Caitlin Hamilton Summie's Office with No Door

In the 16th in a series of posts on 2017 books entered for The Story Prize, Caitlin Hamilton Summie, author of To Lay to Rest Our Ghosts (Fomite), embraces disorder.


I do my best work amid chaos. Or perhaps it’s best to say that I have no choice but to work amid chaos.

I am the mother of two young people. My office has no door. Let me repeat that. No door. It has a window from which I glimpse our beautiful maple tree in the front yard, and off to the left is the front door. Straight ahead of me is my children’s desk, which is their second place choice for homework after the kitchen table. But on occasion, a small person sits at this desk, mastering multiplication or writing essays about books or reviewing the life cycle of plants. My husband has an office space across the hall, and I hear his radio. I hear trucks outside on the road wheezing (sometimes thundering) up the steepish hill upon which our house sits. Sometimes children come over to see my kids and play. Phones ring. Emails ping. Even at night, as I type away, I hear the same rush of cars and often also dialogue or music from TV shows. Water in the pipes. Pounding upstairs if my son is playing basketball in his room, shooting a teeny basketball into the net he has hanging off his door. Dogs barking.

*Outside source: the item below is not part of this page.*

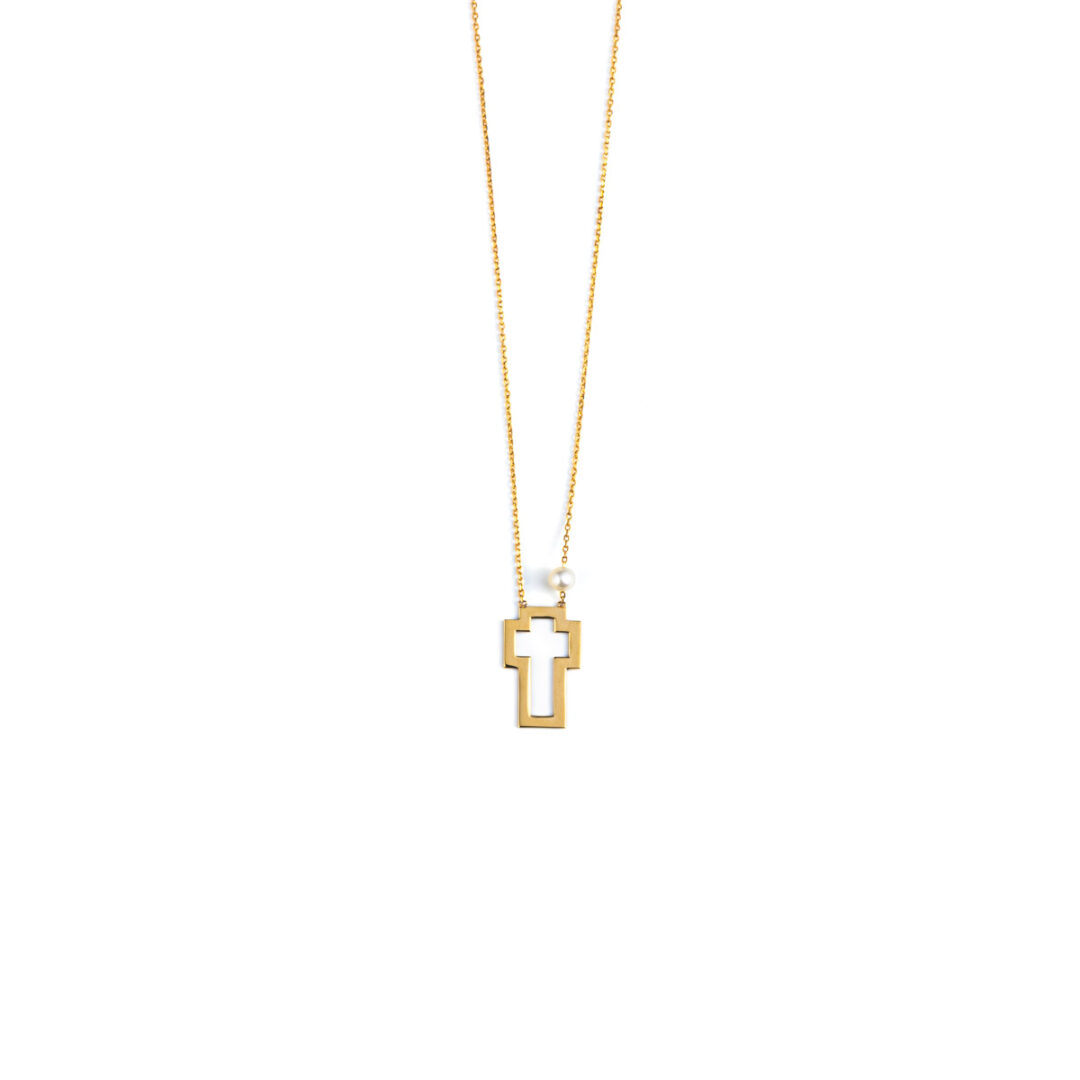 AL-NE-DIM-1379Y Open Cross Necklace with Pearl - 14K Yellow Gold - Image 1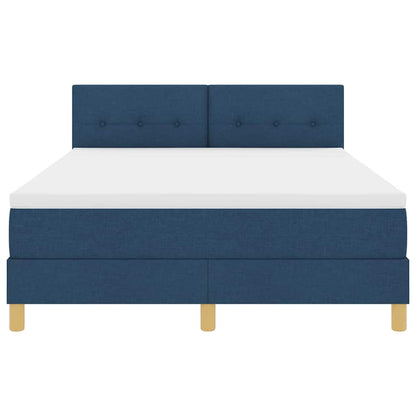 Letto a molle con cuscino con testiera Blu 140 x 190 cm Tessuto | homemem39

Oh, do not ask, "What is it?"
This is where I write.

I write at night, on weekends, on a lunch hour, before work. My desk is an old melamine board laid across two file cabinets. Around me are manila files for work, bookcases, supply cases, the kids’ desk, and walls covered with their artwork, a few photographs, and imposing torn-out calendar pictures of various large cats, one a lion, the other a tiger? A lynx? Behind me, a beautiful gift from a client-author-friend: feathers meant for a free spirit, offering me good luck and special wisdom. I’ll take both.  I don’t know now if I could write in quiet again. For the last many years, since 2002, my spaces for writing and work have all been similar: open, shared, slightly cluttered, colorful. In the past, I have been reduced to sleeplessness when things are too quiet. Would I be reduced to silence if there wasn’t always a hum and a roar?

All of my work is driven by emotion, by character rather than plot. I write it all amid the chaos of a busy family life: the bus going by, neighbors knocking on the door, testy football radio commentators, birdsong. All of it. And rather than distracting me, it keeps me grounded in my subjects, reminds me of what compels me most: connection, family, history, togetherness.

I don’t want a private office. I don’t need a door. Quiet would unnerve me. Keep it open, I say to myself. This is your truth.